AI and Cybersecurity: Opportunities and Challenges


AI and Cybersecurity

December 18, 2023

How are Cyber threats rising in complexity and sophistication with the advent of generative AI? What are the challenges and opportunities for Cyber defence? Which ethical and regulatory implications do AI and Cybersecurity present? Which tradeoffs must we consider when developing AI systems? How can the industry foster more collaborative and information-sharing frameworks and practices?

These are some of the questions we will explore in this article, looking at where AI and Cybersecurity intersect.

As threat actors are weaponizing AI for cyber-attacks, we observe an increase in the magnitude and sophistication of cyber-attacks leveraging artificial intelligence and the convergence of scale and customization.

Customization often comes at the expense of scalability. Still, artificial intelligence has the potential to reconcile scale and customization, allowing threat actors to develop highly customized targeted attacks deployed at scale.

In this new paradigm, AI can empower threat actors to deploy Cyber threats at speed and scale in highly customized ways.

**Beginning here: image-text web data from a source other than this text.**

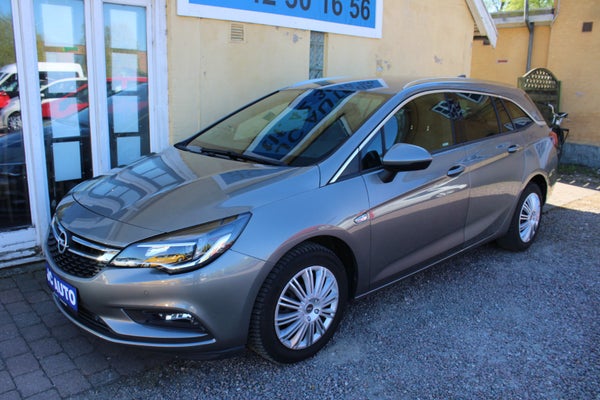 Opel Astra CDTi 136 Dynamic Sports Tourer aut.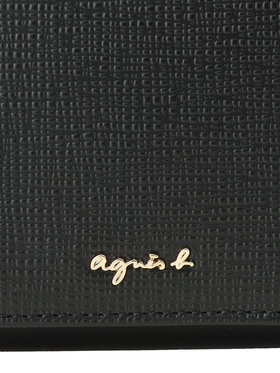 VOYAGE ウィメンズ バッグ＆ウォレット WEB限定 ウォレット HW11ー01 ブラック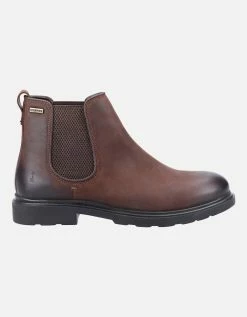Hush Puppies Preston Mens Chelsea Boots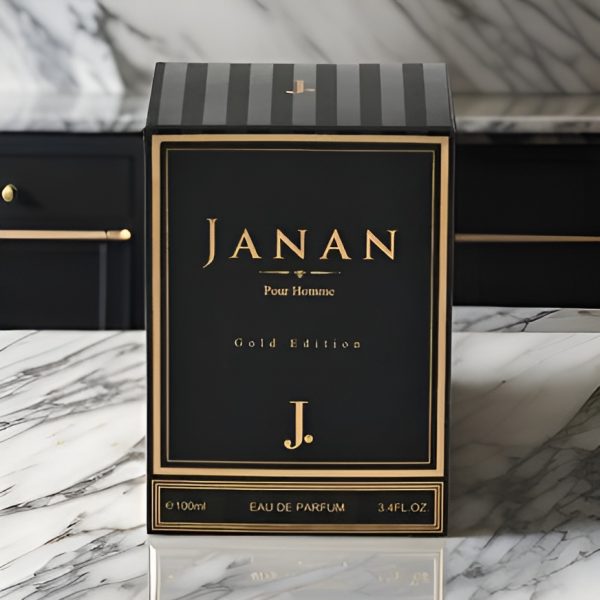 Pack Of 2 – J. Essence & J. Janan | Perfume For Men And Women – 100ml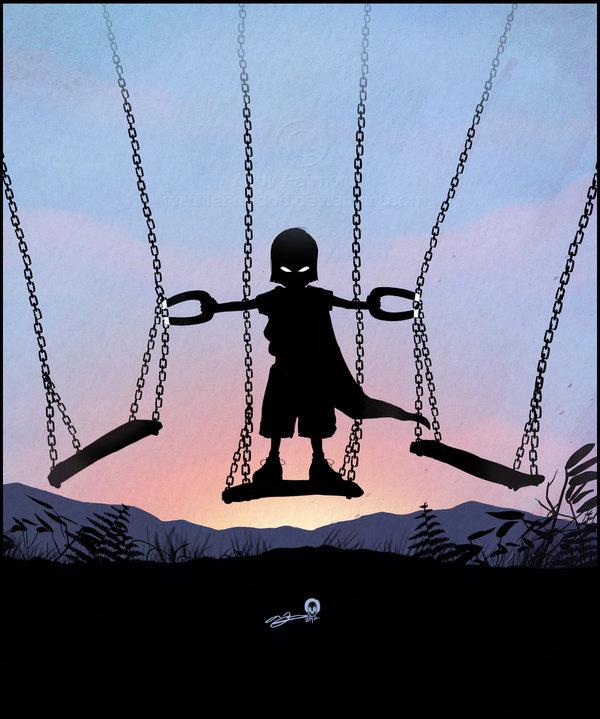 Cute Kid Illustrations by Andy Fairhurst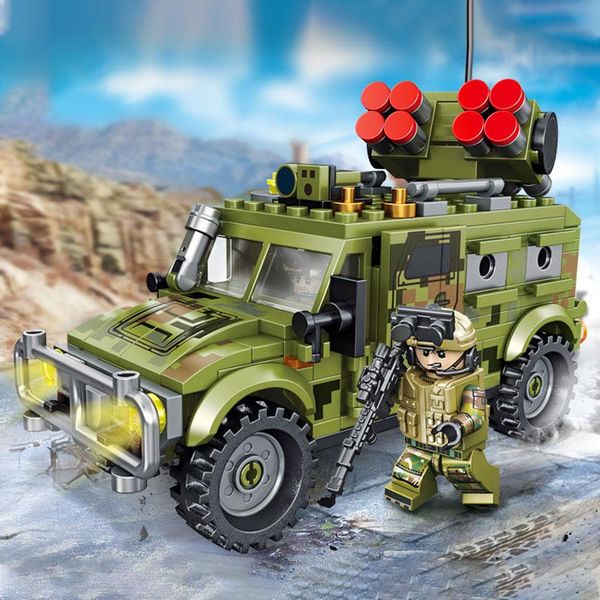 sembo military ww2 army armored vehicle soldier building blocks tank figures weapon germany truck bricks toys for children gift wmtqhw
sembo military ww2 army armored vehicle soldier building blocks tank figures weapon germany truck bricks toys for children gift wmtqhw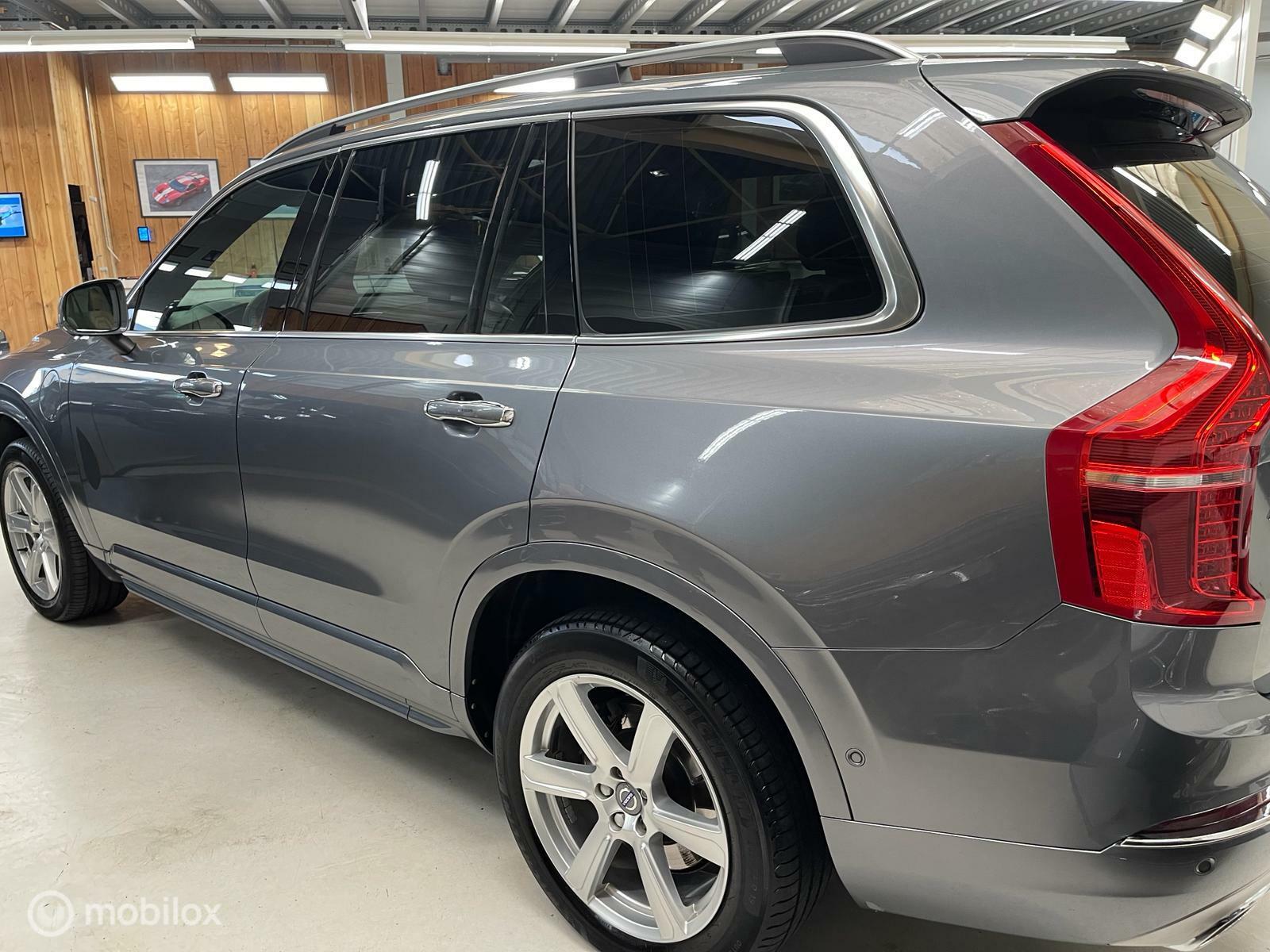 Foto van Volvo Xc90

In parallel with those trends, attacks are becoming more autonomous and adaptive with self-evasive capabilities.

Some statistics speak for themselves in terms of impact. According to the IBM Ponemon Institute, the average cost of cyberattacks for an enterprise is around $4.9 million, and it takes an average of 270 days for an attack to be detected and contained.

From a defence and response perspective, the challenge is that those new threats will take more work and be more expensive to detect. Malware is becoming harder to identify, and the threat landscape will experience more targeted threats and more convincing and personalized phishing attacks, not only regarding the intrusive capabilities of those cyber weapons but also the potential impact.

Consequently, we’re likely to see more destructive network-wide malware infections, more effective methods of propagation, more convincing fake news and clickbait and more cross-platform malware.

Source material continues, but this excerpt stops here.